My attempt at Caramel Pecan Pie served a la mode
I have been craving pecan pie for weeks now but didn't want just any pecan pie. I was in the mood for a piece of deep dish gooey caramel pecan pie. I was thinking about this kind of pecan pie because I grew up in southeast Ohio and there were many amazing pie bakers in the area. One of my mother's friends made this pecan pie that had caramel in it and I just loved it. I haven't had anything like that in years so I tried to come up with the recipe. I pie ended up tasting soooo good but was a bit more gooey than I remember. I think I may have needed to bake the pie for just a little while longer and on lower heat....but the only issue was really the consistency because everyone loved how it tasted.....especially with the vanilla bean ice cream we served with it. We also didn't cool the pie in the fridge which could have helped the pie set better....but I like my pie warm so that was not an option for me. Maybe some of you out there could tweak the recipe a bit and let me know what you came up with to make this a perfect caramel pecan pie!

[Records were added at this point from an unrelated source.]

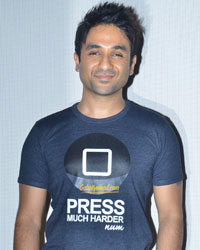 Vir Das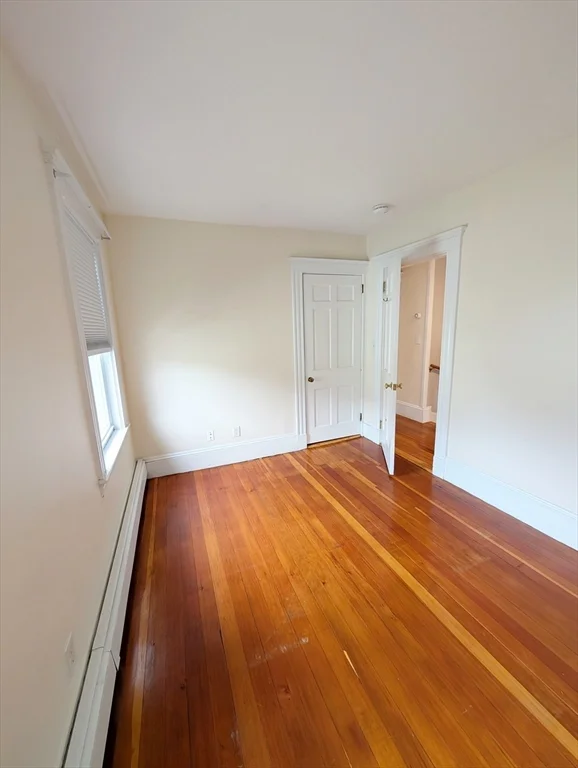 10 Duval St, Brighton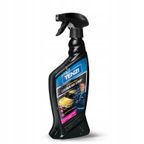 Tenzi carnauba spray 600ml TENAD31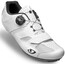 Giro Savix Shoes Men white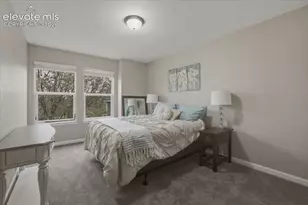 115 Odessa Pl, Colorado Springs, CO 80906 - Photo 22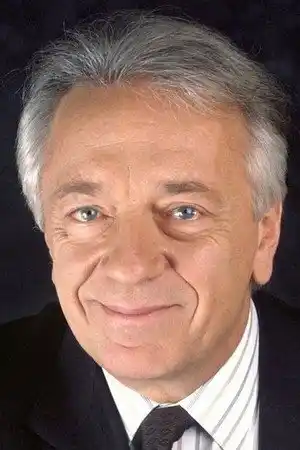 Jean-Pierre Cassel fotoğrafı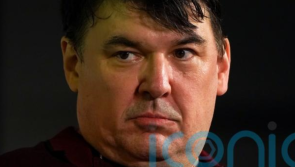 'He's not inciting violence' - UK politician backs Irish comedian after venue cancellations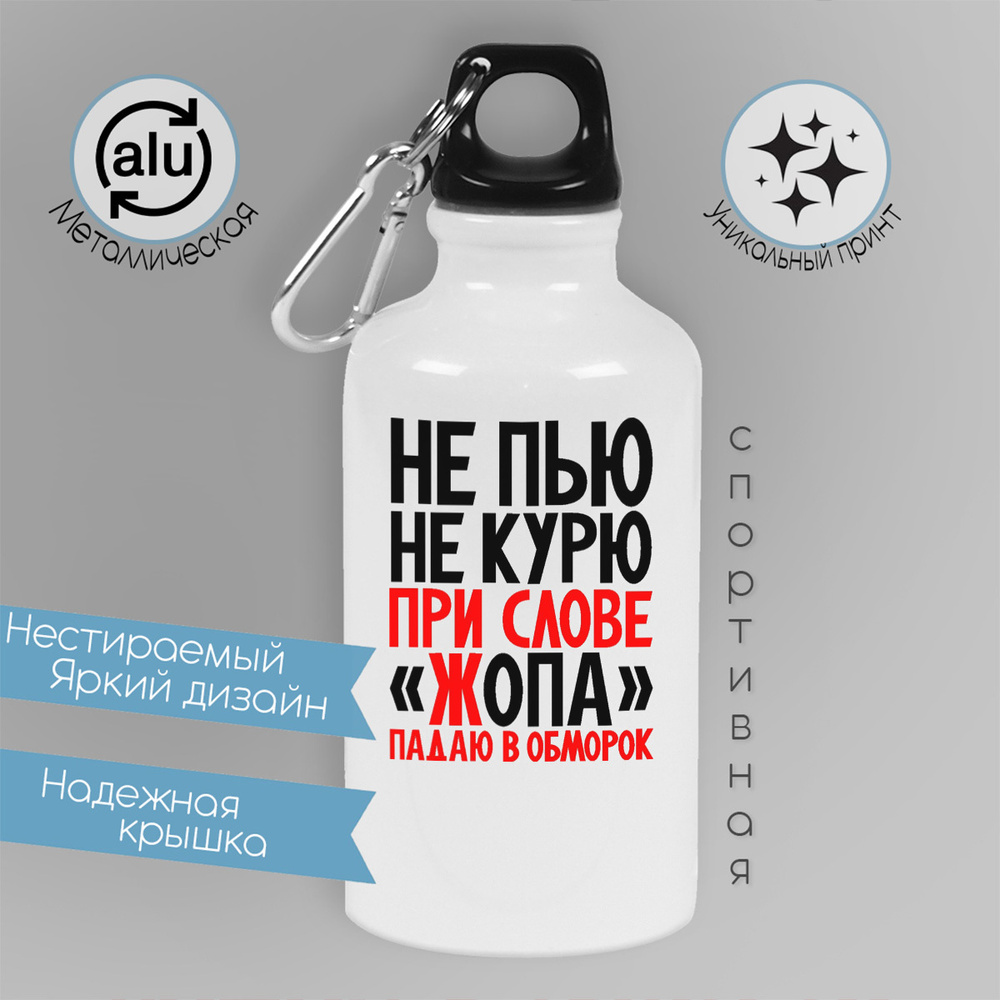 Өз анаммен құрметтемеу дөрекі секс видео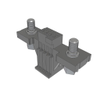 Rectangular Connector Housings - ISDF-04-D-S-ND - DigiKey
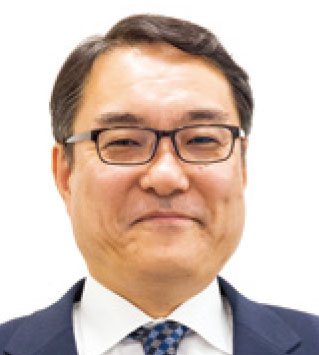 堤 信夫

Avesta's Caramel Pecan Pie

1 cup white sugar
1 1/2 cups light corn syrup
4 large eggs
1/4 cup butter
1/2 cup of caramel chips
1 1/2 teaspoons vanilla
2 cups pecans (I left some of them in halves and coarsely chopped the other half)
1 unbaked deep dish pie shell

In a medium saucepan bring the sugar and corn syrup to a boil for about 3 minutes. Lower the heat and add the caramel chips, mix until they start to melt. Turn the heat off, and add the pecans, butter and vanilla and mix well then set aside to cool. Meanwhile, in a large bowl, beat the eggs lightly and slowly pour the cooled syrup mixture into the eggs, stirring constantly. Once the mixture is completely mixed together, pour into the unbaked pie shell. I put foil around the edges of my pie for the first 45 minutes so that they would not burn.

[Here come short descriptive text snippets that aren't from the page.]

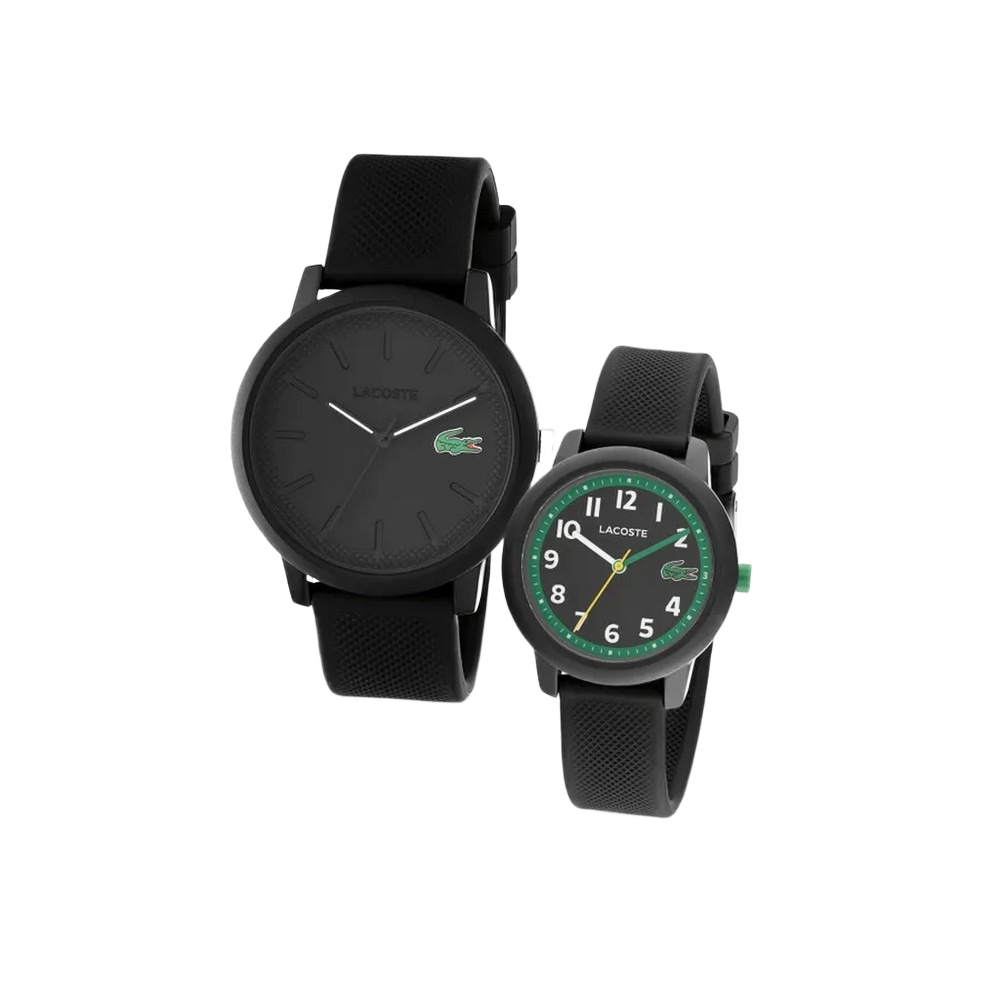 Lacoste 2070024 Men's Watch Quartz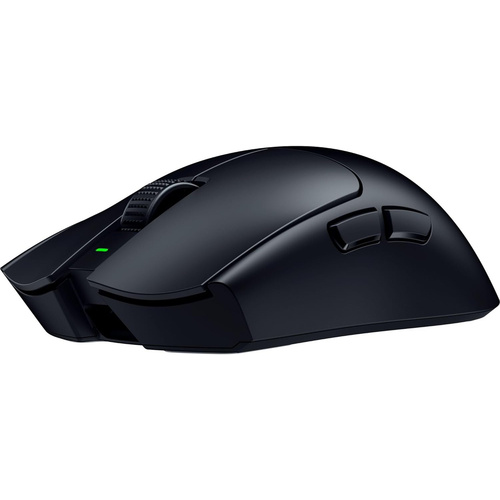 Razer Viper V3 Pro Wireless Gaming Mouse (Black)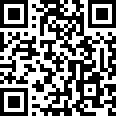 QRコード https://mirunuku.net/?cid=1nhdta00080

Bake in a 350°F oven for about one hour or until set.

You can make your own crust or buy a pre-made one (just make sure it's a good deep crust) I sprinkle a little flour in the bottom of my crust.I used caramel chips that I found near the chocolate chips, but you can also use caramel candies.
I used 2 cups of pecans because I love lots of pecans in my pie!
It looked so good even before I baked it and the smell was amazing!

Thursday, June 11, 2009

Smoked Salmon Egg Salad

Hot Smoked Salmon

Here's a twist on an old classic....egg salad with chopped up pieces of smoked salmon in it! I thought about making this after having smoked salmon and deviled eggs at one too many brunch buffets. Now don't get me wrong...I love classic egg salad, deviled eggs and smoked salmon with creme fraiche and dill but next time you have friends or family over for brunch...try this recipe and see what they think. And it really is an easy way to impress your guests without a lot of work. You can make these for baby or bridal showers, too. Just buy petite baguettes or mini Italian loafs and they end up being so cute and yummy! This recipe is just a great way to make a sandwich a little more sophisticated without making it too complicated.

Smoked Salmon Egg Salad:

6-10 Hard Boiled Eggs (this will make about 4 large sandwiches)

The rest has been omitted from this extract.